── RECORDS TO PROCESS ──
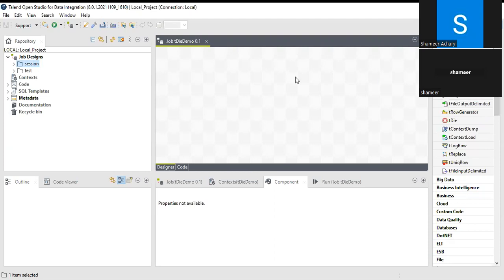Normally tDie and tWarn components come along with tLogCatcher. Whatever messages or logs are getting generated by tWarn and tDie are captured by tLogCatcher. Let's check how we can use this.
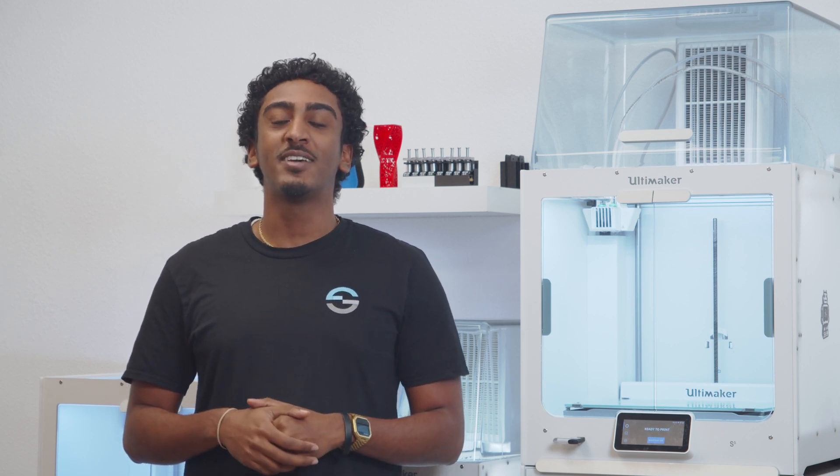We're going to be focusing on how to find and download third-party material profiles for your Ultimaker printer. Like most other parts in the ecosystem, Ultimaker makes it simple for you to find materials outside of their portfolio. Whether you know the material you're looking for or need help deciding which one to use, we'll be sure to show you how to get there.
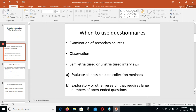If the data required for your research is not available through secondary sources, then primary data collection is required. Primary data collection is first-hand information. The type of questions you use — whether open-ended or closed-ended — will depend on your research objectives.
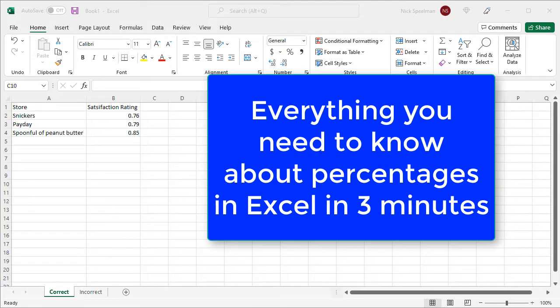Hello YouTube. Today I'm going to show you in just two or three minutes everything you need to know about percentages in Excel.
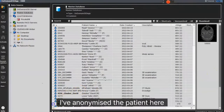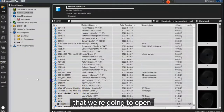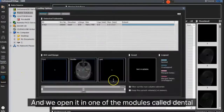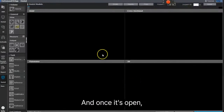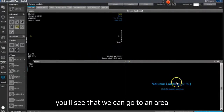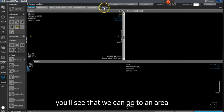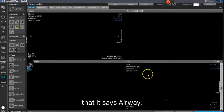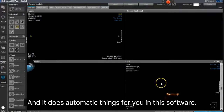I've anonymized a patient here that we're going to open, and we open it in one of the modules called Dental. And once it's open, you'll see that we can go to an area that says Airway, and it does automatic things for you in this software.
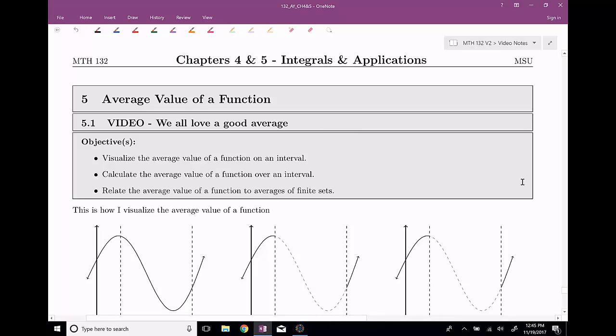Welcome everyone to section number five. This is the average value of a function. In this video, I'm mainly going to describe what this thing is — this average value of a function. We're going to talk a little bit about the calculations that go behind this, and then we're actually going to relate the average value of a function with averages of finite sets. They actually do have a relationship here.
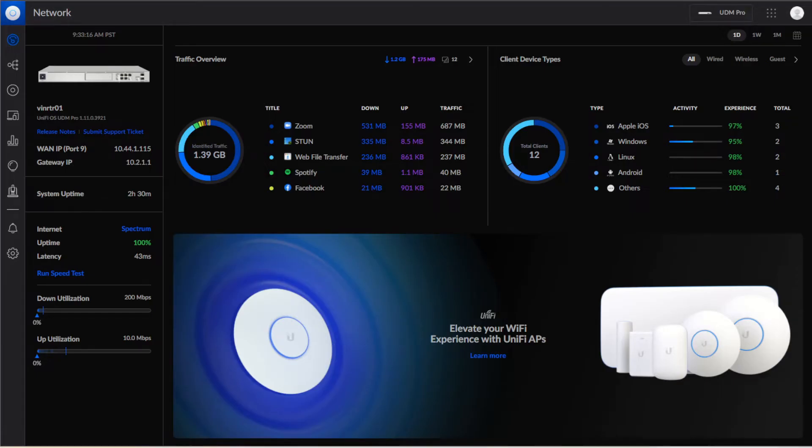Hello everybody, welcome back to another episode of Vindex Engineering. On today's episode we are going to go through and add some VLANs to our Dream Machine Pro.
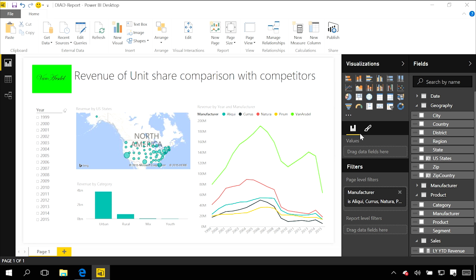I've got a report here showing revenue by different states, categories, and manufacturers on the right over time periods.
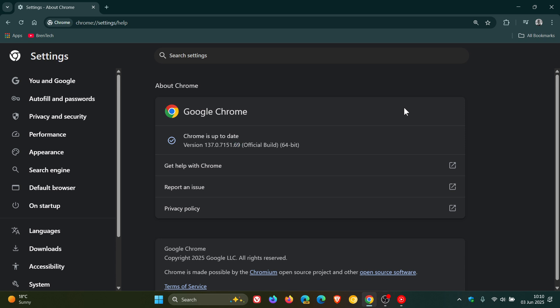Now for this week we get three security fixes that have rolled out and this is a very important security update because one of those security fixes fixes a zero-day that Google says it is aware that an exploit for CVE-2025-5419 exists in the wild. So that means that vulnerability is currently out there and it's happening.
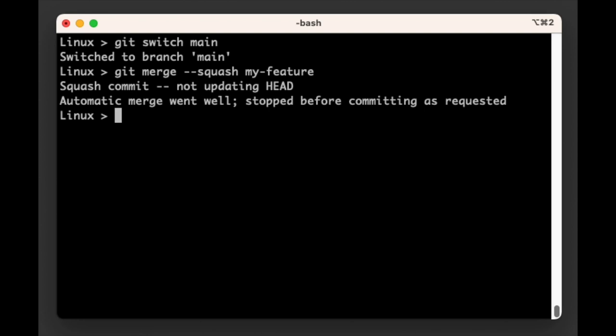The output from Git will be explicit. It will tell us that it did not update HEAD and it did not commit as requested. So, what did it do?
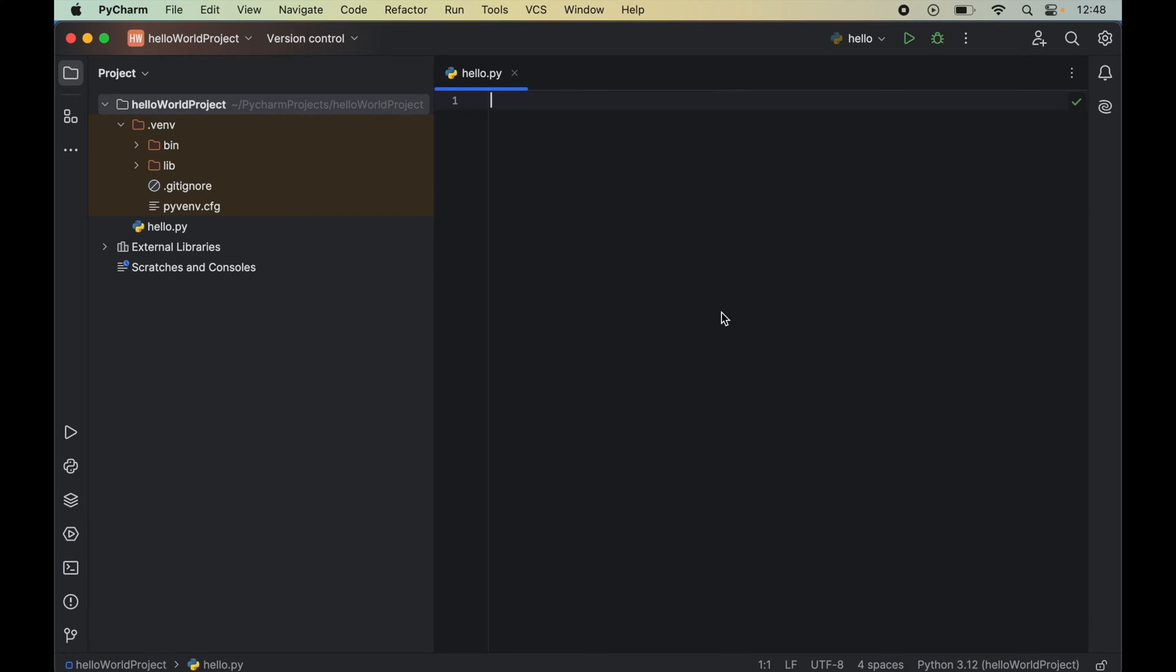In this video you will learn how to install Pygame in a Python project in PyCharm IDE. So I have opened the Python project in PyCharm in which I want to install the Pygame library.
───
* [TASK TO CARRY OUT]
Repeat the records in full and exactly, leaving every picture out.

* [REPLY TO THE TASK]
Normally tDie and tWarn components come along with tLogCatcher. Whatever messages or logs are getting generated by tWarn and tDie are captured by tLogCatcher. Let's check how we can use this.
We're going to be focusing on how to find and download third-party material profiles for your Ultimaker printer. Like most other parts in the ecosystem, Ultimaker makes it simple for you to find materials outside of their portfolio. Whether you know the material you're looking for or need help deciding which one to use, we'll be sure to show you how to get there.
If the data required for your research is not available through secondary sources, then primary data collection is required. Primary data collection is first-hand information. The type of questions you use — whether open-ended or closed-ended — will depend on your research objectives.
Hello YouTube. Today I'm going to show you in just two or three minutes everything you need to know about percentages in Excel.
I've anonymized a patient here that we're going to open, and we open it in one of the modules called Dental. And once it's open, you'll see that we can go to an area that says Airway, and it does automatic things for you in this software.
Welcome everyone to section number five. This is the average value of a function. In this video, I'm mainly going to describe what this thing is — this average value of a function. We're going to talk a little bit about the calculations that go behind this, and then we're actually going to relate the average value of a function with averages of finite sets. They actually do have a relationship here.
Hello everybody, welcome back to another episode of Vindex Engineering. On today's episode we are going to go through and add some VLANs to our Dream Machine Pro.
I've got a report here showing revenue by different states, categories, and manufacturers on the right over time periods.
Now for this week we get three security fixes that have rolled out and this is a very important security update because one of those security fixes fixes a zero-day that Google says it is aware that an exploit for CVE-2025-5419 exists in the wild. So that means that vulnerability is currently out there and it's happening.
The output from Git will be explicit. It will tell us that it did not update HEAD and it did not commit as requested. So, what did it do?
In this video you will learn how to install Pygame in a Python project in PyCharm IDE. So I have opened the Python project in PyCharm in which I want to install the Pygame library.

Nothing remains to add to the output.